There are a lot of older and out-of-print RPGs out there, and with the explosion in popularity of DND, Pathfinder and other systems, a lot of newbie DMs are getting into the hobby for the first time. This means that there’s a lot of players with a certain expectation of how the game is played. Now, a session zero is outside the scope of this guide, but it’s a vital thing to have. You can help manage your players expectations and learn exactly what game they want to play. They may not always want to play a fantasy romp—maybe something dark and cyberpunk.
But one thing that any player can agree on is that GMs with a good amount of prep and style are a great thing for the hobby. As a DM, that often involves spending time or money leveling up your ability to run the game, in a sense. One of the best ways to level up your play is through the use of miniatures. Battle maps really come alive when players can see their characters outside of their own minds, minis can also help sell the terror of a powerful boss or challenging battlefield.
But branded miniatures can get very pricey, very fast. And that’s why the hobby of rebasing has become a cottage industry unto itself. Rebasing is simple: you take miniatures from one game or set, and repurpose them for another game. Mage Knight miniatures, in particular, will be the focus of this guide, as they have a lot of versatility, and are very common. This guide will help you learn the process of effectively rebasing mage knight miniatures so that they last for years to come.

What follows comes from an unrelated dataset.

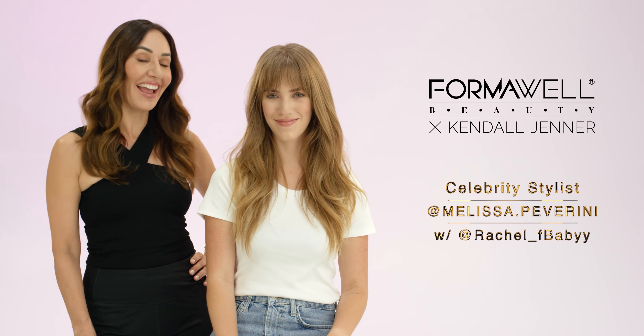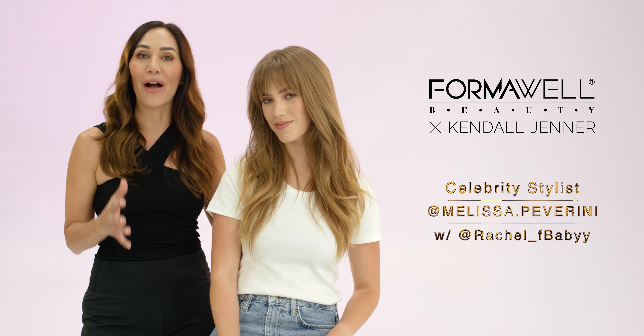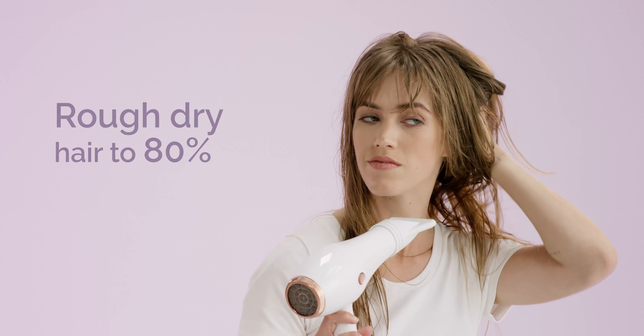Hi, I'm Melissa and today Rachel and I are going to show you how to get this volume bounce blowout so you can have this effortless celebrity style at home. Rough dry hair about 80 percent.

Acquiring Minis and Supplies
In fact, you can find lots of them in mixed bundles on Ebay. The one caveat to this approach is that you’re taking a risk in not getting minis that you want. Particular sculpts or miniature types may be hard to find, so you’ll have to do some hunting. Check listing photos and inspect closely for any damage to minis before buying them. Also, contact sellers and ask how they ship their models. I’ve been burned buying MK bundles before and the seller didn’t adequately pack them; resulting in some seriously damaged models. Luckily, most Ebay sellers are accommodating with refunds or other compensation. And it’s not all bad. Although getting damaged minis can offer spare parts for kitbashing or other customization, it’s an added pain for the newbie model maker to deal with.
It’s also a good idea to invest in some cheap plastic minis to practice painting as well. You can get models for as little as $0.50 per sculpt or less. Another good reason to use MK minis over other premade options is that sculpts exist for firearms, golems mages and more, adding both steampunk and fantasy options to your repertoire. Once you’ve got a supply of Mage Knight minis, it’s time to gather your tools.
Tools of the Trade
When you have your minis, whether from Ebay or not, it’s time to get to work. But like any job, you need to right tools. I’ve been doing this little gig for a while, so I’ve refined the process a bit. The process of rebasing miniatures can be a bit labor-intensive, but it’s very worth it. The money saved on rebasing miniatures can be put back into your game in other ways. There’s a bit of investment involved in the process, but it’s still much cheaper than buying minis outright. Also, you can learn some useful tricks about customizing and repairing models for future use if you find the hobby fun.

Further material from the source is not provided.